_Problem requirements_
Once you find the line with "Amazon Nourriture humide", transcribe it and all the lines that follow to the end of the data, exactly as written; skip any pictures.

Caption-style text data:

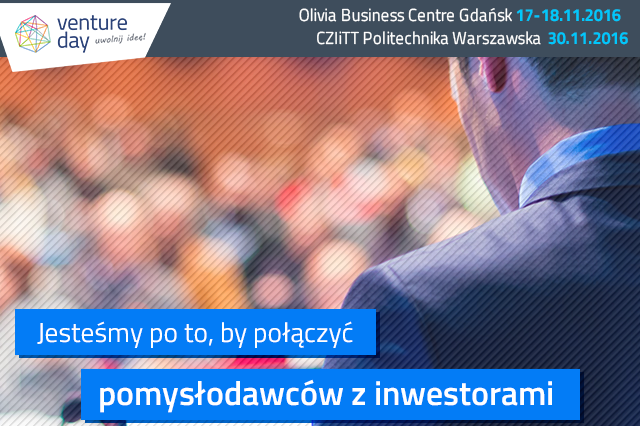 Venture Day to świetna okazja dla startupów poszukujących inwestora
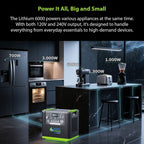 Nature's Generator Lithium 6000 and Transfer Switch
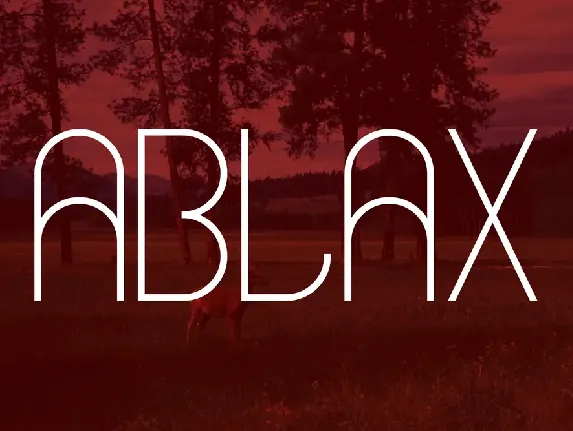 ABLAX font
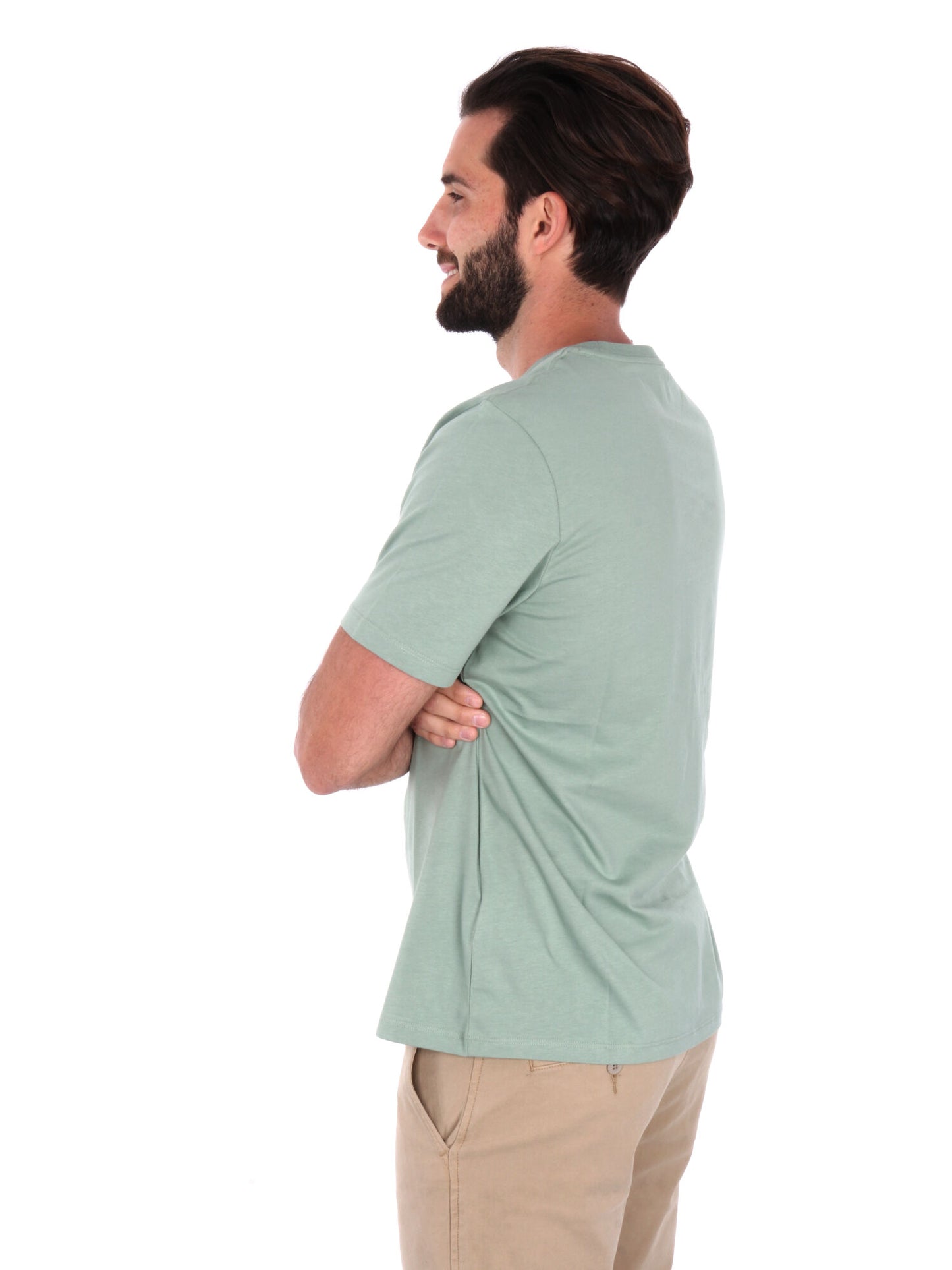 T-SHIRT CON PACH LOGO TIMBERLAND DA UOMO VERDE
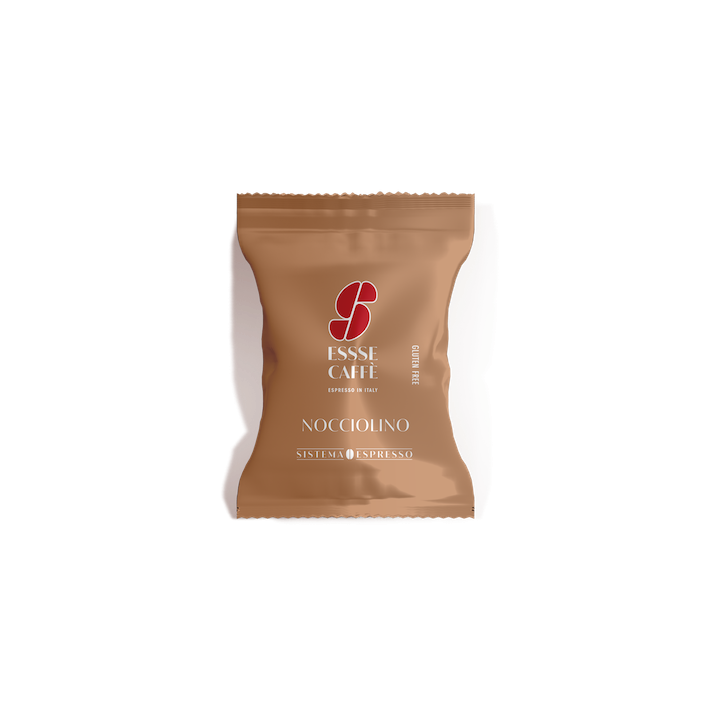 Nocciolino en un café con sabor a avellana. Sin gluten. Cápsulas café italiano | Cápsulas café espresso | Esecafe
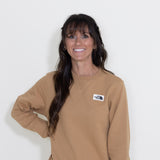 The North Face Heritage Patch Sweatshirt for Women in Brown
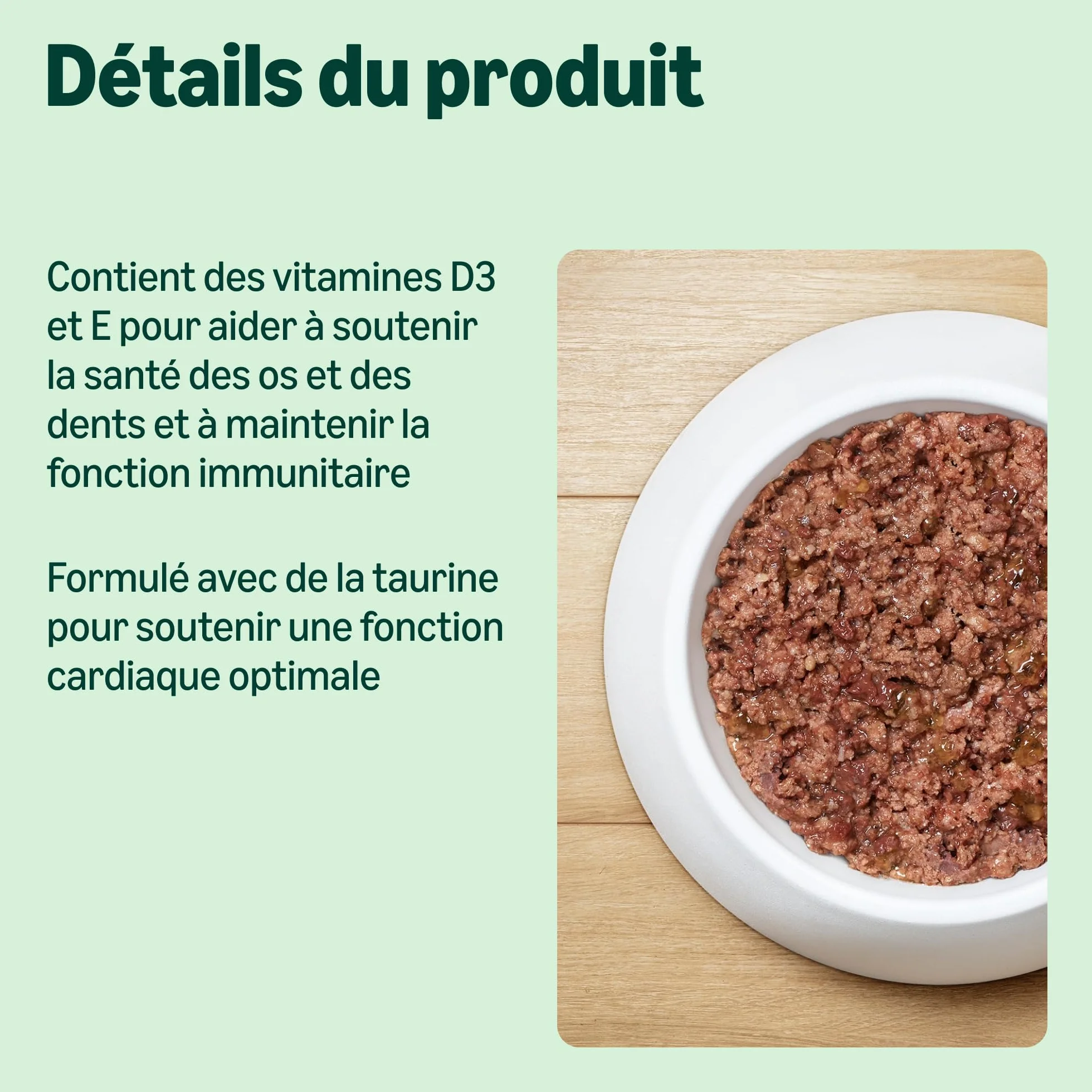 Amazon Nourriture humide pour chat sans céréales, pâté de poulet, 6 x 400 g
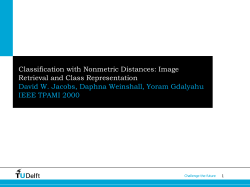 Classification with Nonmetric Distances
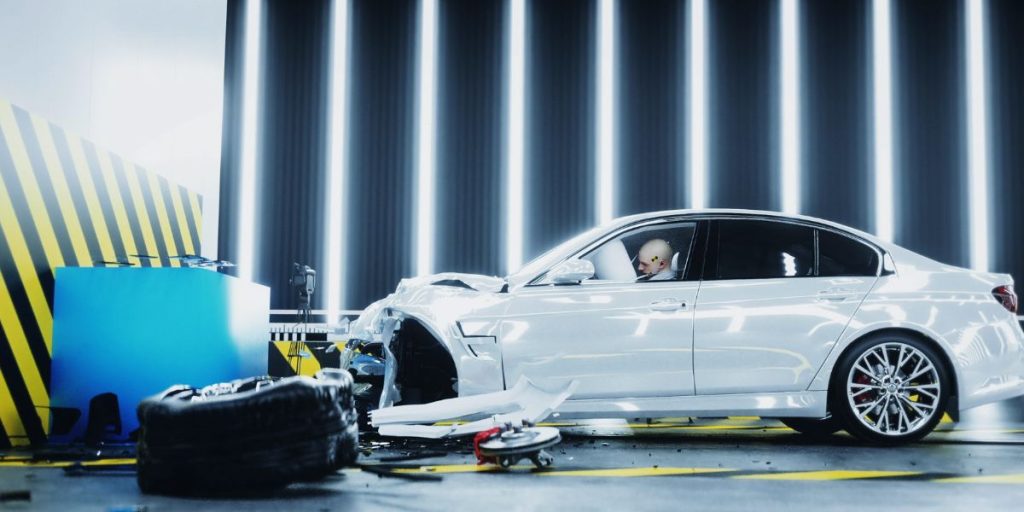 car crash bil biltest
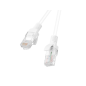 CABLE RED LANBERG LATIGUILLO CAT-5E UTP 5M BLANCO FLUKE PASSED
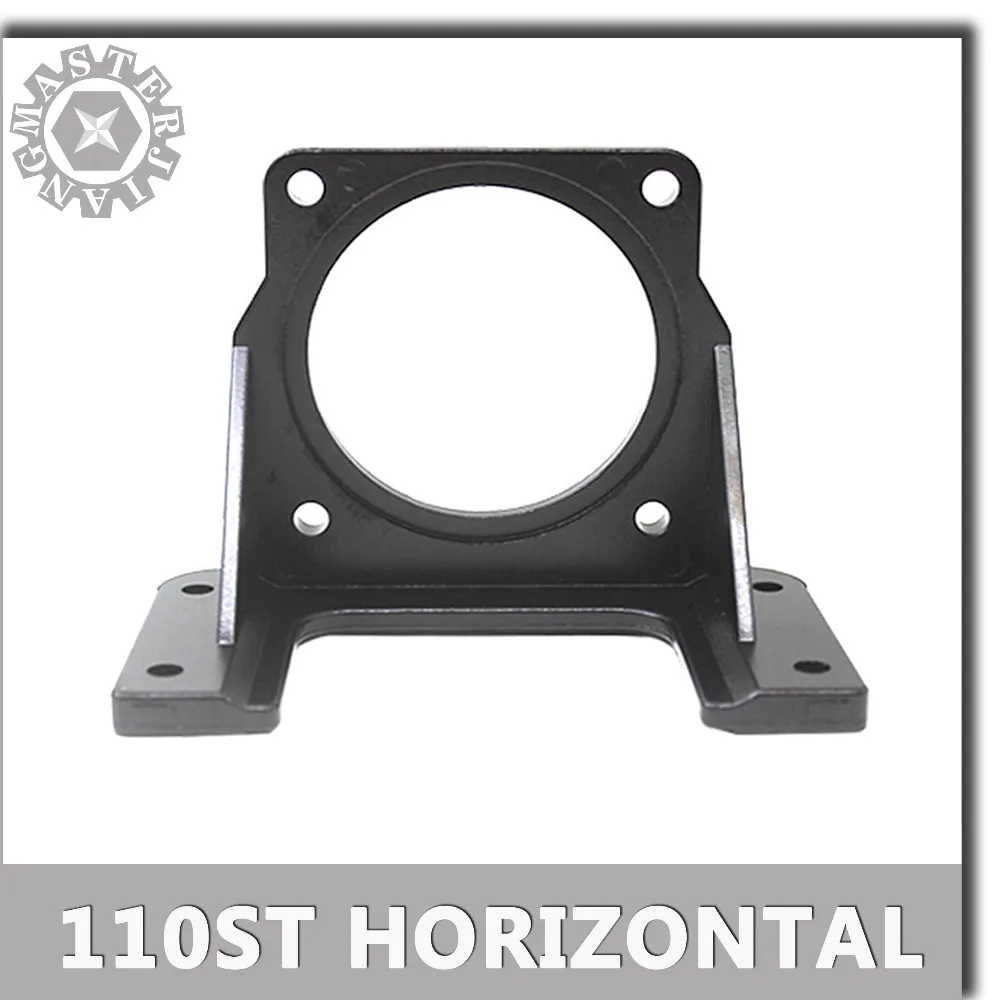 

CNC Parts 110ST Mounting Servo Motor Horizontal Bracket Holder fitted Black Alloy for DIY AC 110st M06030/M04030/M06020/M02030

_Problem solution_
 Amazon Nourriture humide pour chat sans céréales, pâté de poulet, 6 x 400 g
 Classification with Nonmetric Distances
 car crash bil biltest
 CABLE RED LANBERG LATIGUILLO CAT-5E UTP 5M BLANCO FLUKE PASSED

CNC Parts 110ST Mounting Servo Motor Horizontal Bracket Holder fitted Black Alloy for DIY AC 110st M06030/M04030/M06020/M02030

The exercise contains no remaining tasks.